It is to be observed, too, that it is entirely in behalf of the more showy kind of knowledge, that the mistake is made. The respected name of reason is given exclusively to logic and demonstrating. Good sense, good feeling, just instinct, if they stand alone, have no claim to it; they are put on an inferior footing; true, they are intuition; but what then? they are not reason.
Now, the century introduced by Locke is accused by the present, and it is generally admitted, with some degree of justice, of having “materialistic” tendencies. We may see, then, how Locke’s doctrine, as just described, founded though it is only on nomenclature, hinging merely on definition, incurring whatever wrongness it implicates from no other lapse than that of confounding a word with its derivative, doing nothing, in short, but annul the difference of meaning between the two words, reason and reasoning; we may see how this apparently harmless experiment might tend to supplying these materialistic tendencies with a ground, a rationale, a principle, and thus to exalt their authority, and how, indeed! it just smacks of their spirit.
It may be seen, too, how, from a few slips, such as this on the part of the champion of the “new philosophy,” competing schools of the present age might be able to make up a case, specious enough to gain the acquiescence of a portion of the public against both—with how great futility, I believe, would appear, if the accusations were weighed by a competent tribunal.
And, finally, it might be expected, that the undue exaltation of the demonstrative department of reason, should issue in a reaction into a contrary extreme, and that some Mr. Carlyle might be found to inveigh against “logic,” to sneer at “analysis,” to denounce “cause and effect philosophy” and to praise “mysticism.”

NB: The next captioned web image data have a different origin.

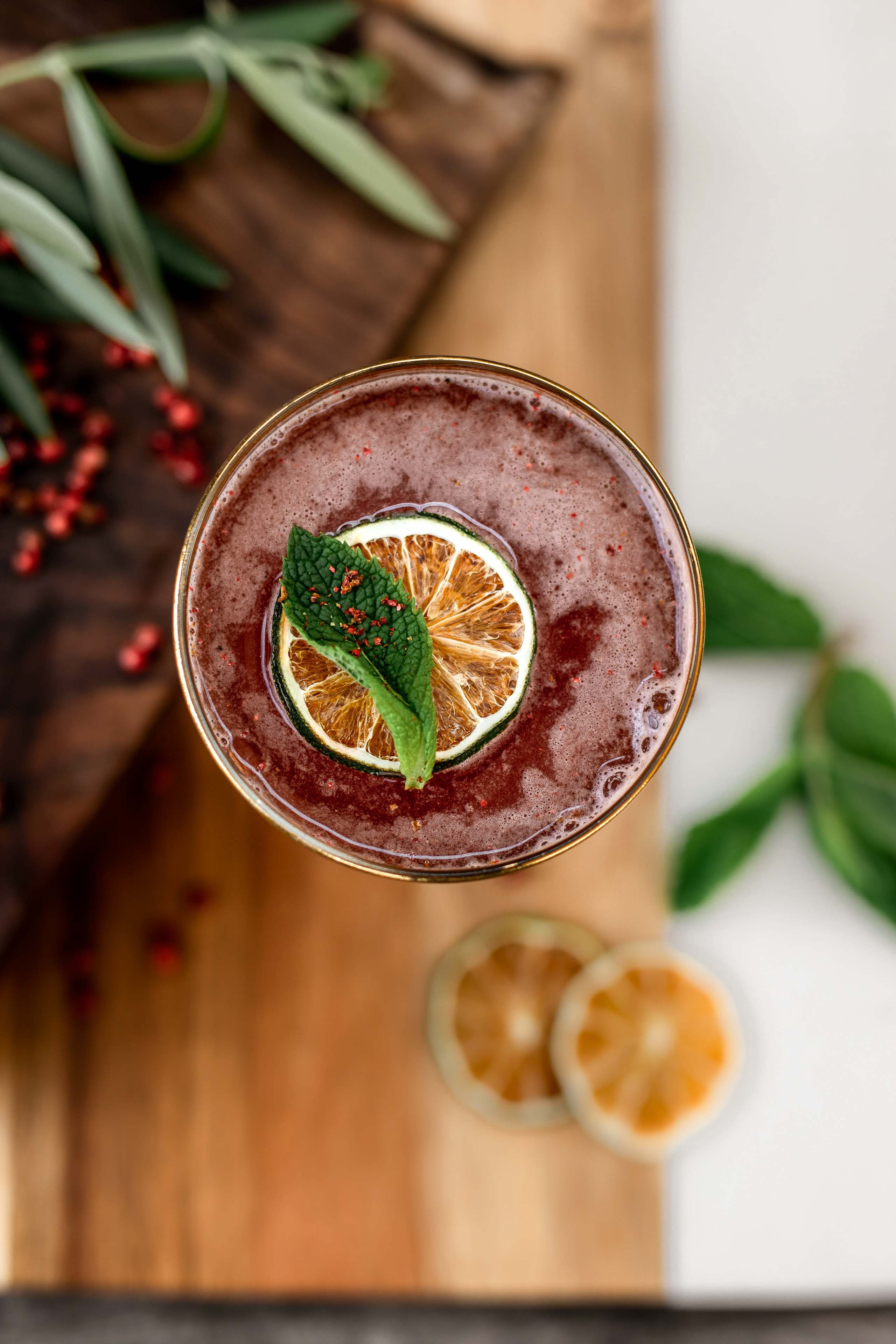a top down view of a cocktail garnished with fruit
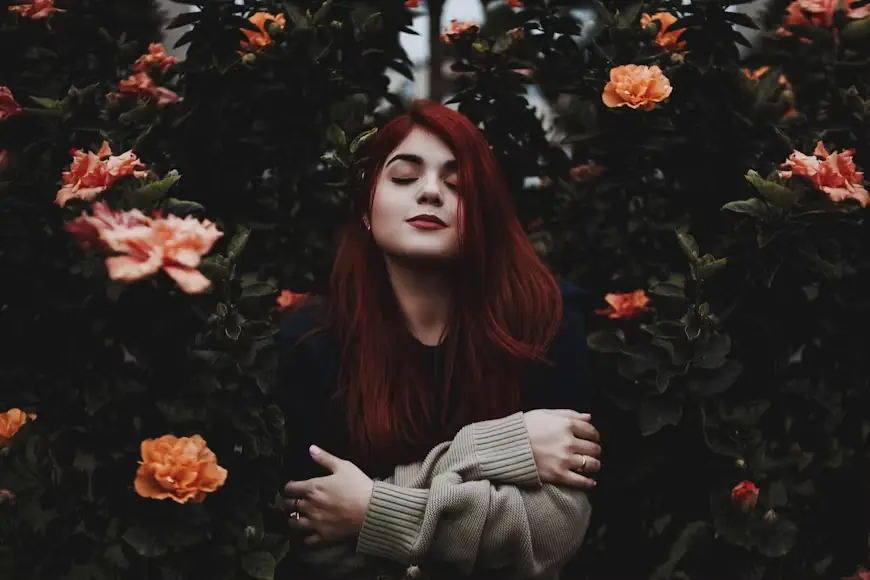 Woman with red hair embracing herself among vibrant orange flowers in a garden setting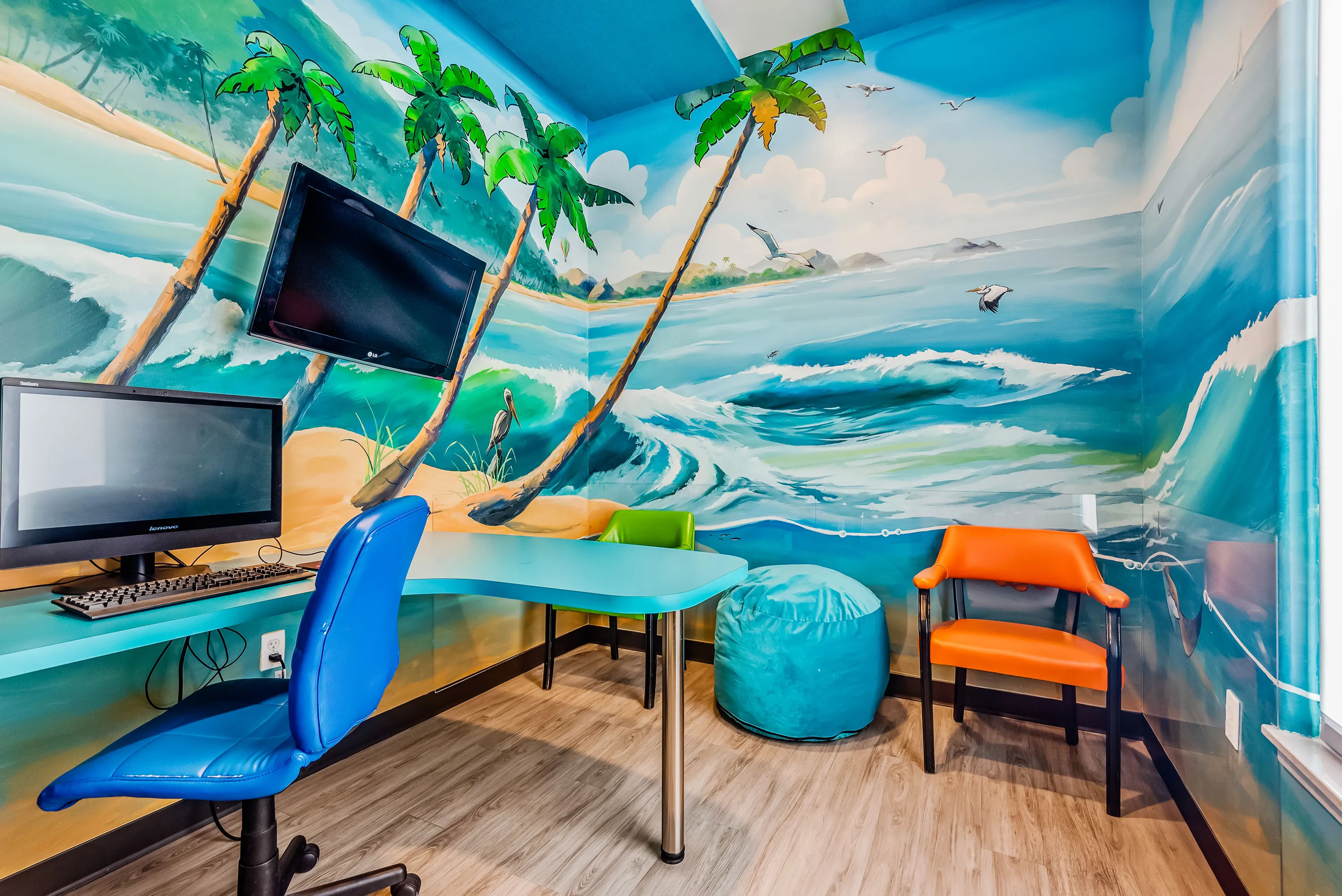 A private treatment room with a tropical beach mural at Super Smiles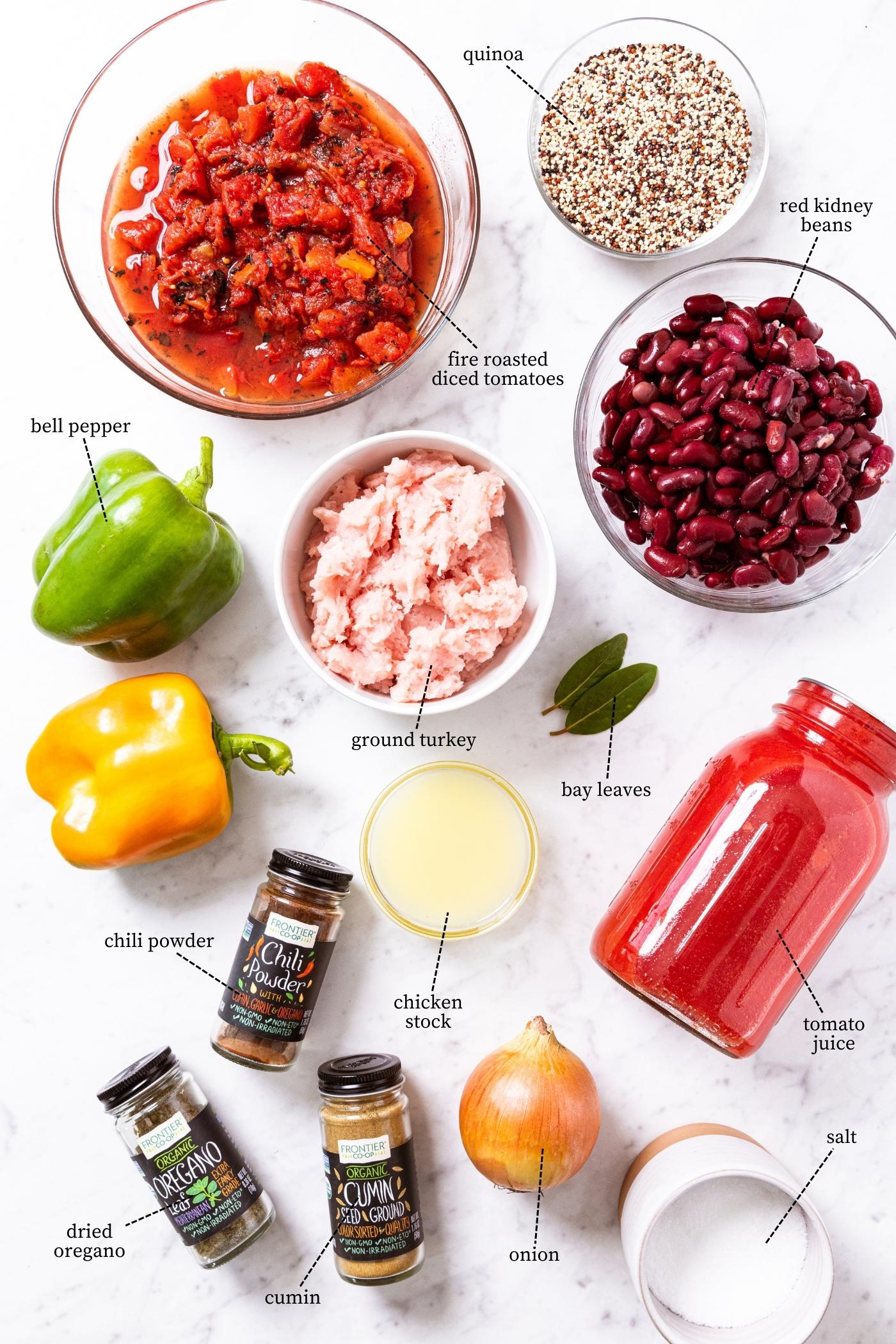 White marble surface filled with all of the ingredients needed to make turkey quinoa chili including tomato juice, bell peppers, ground turkey, beans, diced tomatoes, spices, and more.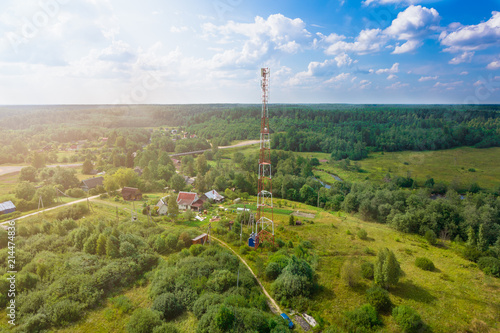 Telecommunication tower with radio antennas and satellite dishes is installed on the rural on the green field with grass, bushes and trees. Concept of harmless of electromagnetic and microwav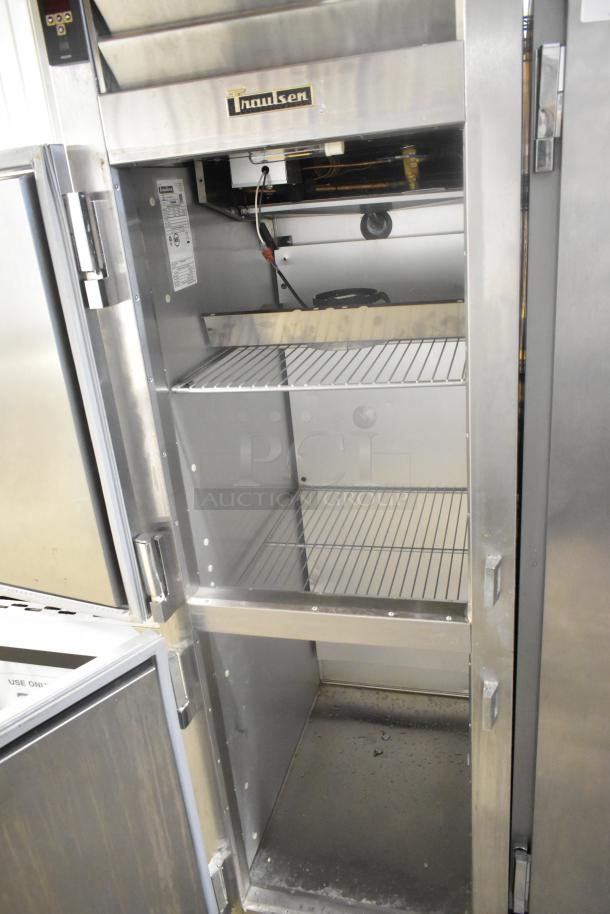 Traulsen ALT132DUT-HHS stainless steel freezer with 2 half doors, commercial casters; clean interior, 115V, 1 phase.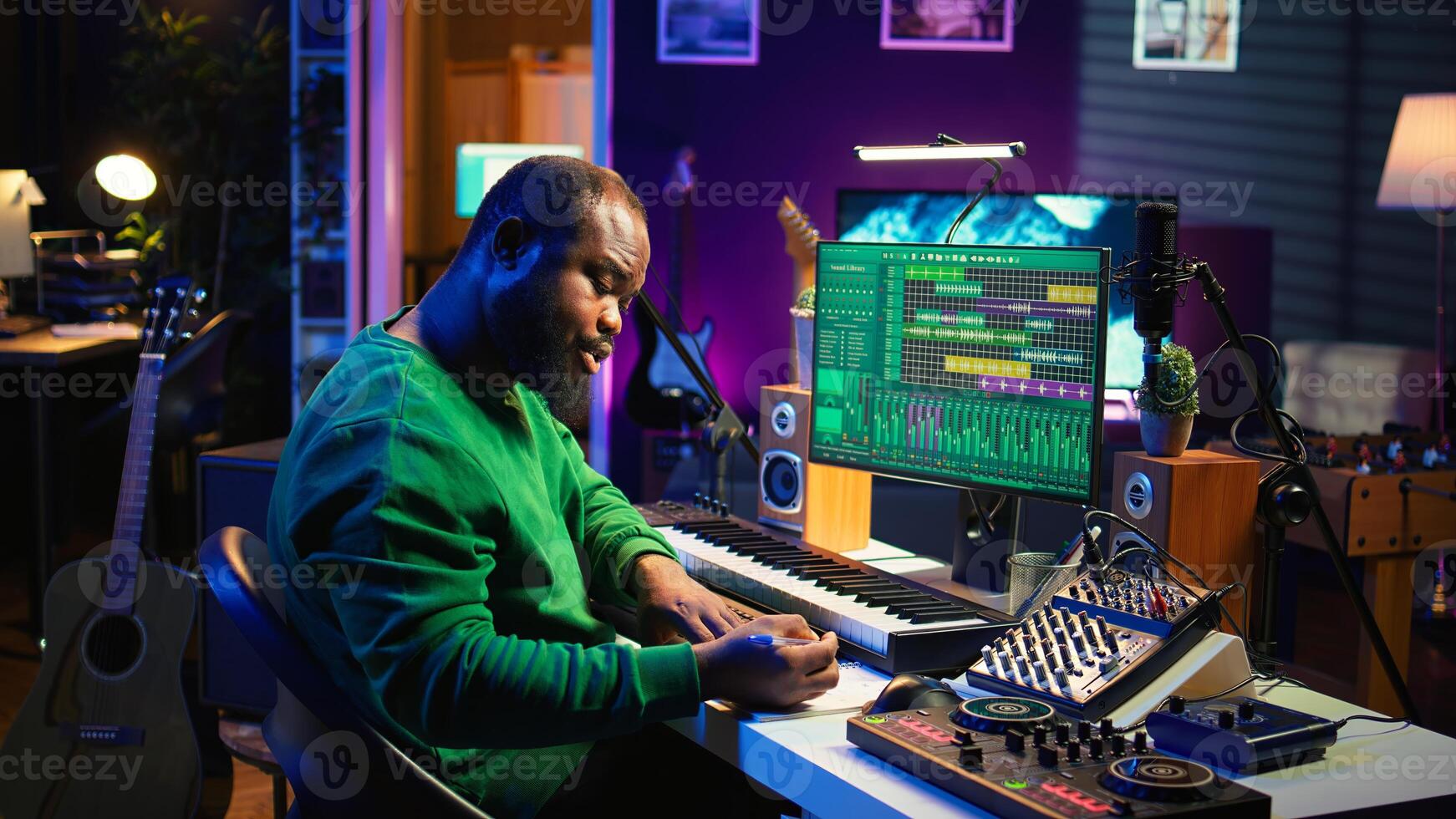 Talented artist composing new lyrics for his tracks and recording music with audio devices in his home studio. Singer composer writes melodic material by taking notes and creating rhymes or songs. Camera B. photo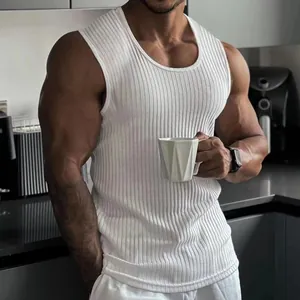 Close-up of white ribbed fitness tank top showing muscle-fit texture and slim cut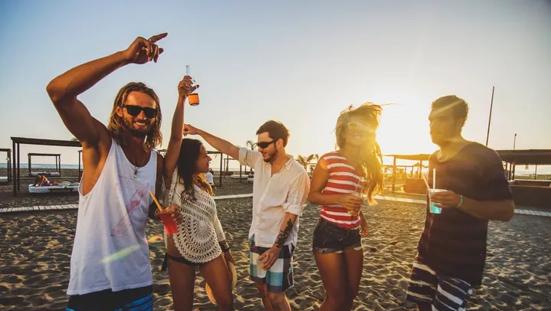 Feestende jongeren op het strand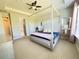 Spacious primary bedroom with a four-poster bed, walk-in closet, and ensuite bathroom at 5746 Hydrangea Cir, Sarasota, FL 34238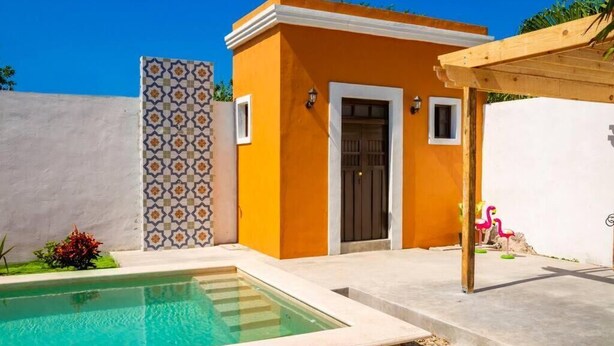 Ein kleines Gebäude mit Pool, einer Pergola und einer Kachelwand.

I have already assumed that the third test that I promised, goes against Locke, and requires no examination, simply because he has not advanced it in his behalf. He has assigned no ground for changing the meaning of the word reason, and it is presumable that none is assignable.
The question, What is the Criterion of Truth?—that is, What are the proper means of distinguishing whether anything that is asserted to be true is so or not? claims immediate notice, because such a criterion exists, and the new philosophy necessarily appeals to it when it comes before the public, while it has shown with what effect it can do so, in the case of those of its branches—namely, the purely material and the mathematical, that flourish in society.
Premising that it is a way of certifying truth that has been immemorially used by mankind in their daily affairs, and which they have always, to some extent, instinctively transferred to their judgments in philosophy, and that it is the only possible general and summary criterion of truth, I may describe it as consisting in the unanimous assent to some idea or assertion of all who are thought competent to pronounce concerning it.
Viewed in connection with the thing it verifies, and the parties who use it, the criterion may be thus represented: Any idea, assertion, or opinion, must, by any inquirer, be found true, when he perceives it to be such as would be unanimously assented to by all presumably competent judges of the kind of truth to which it refers.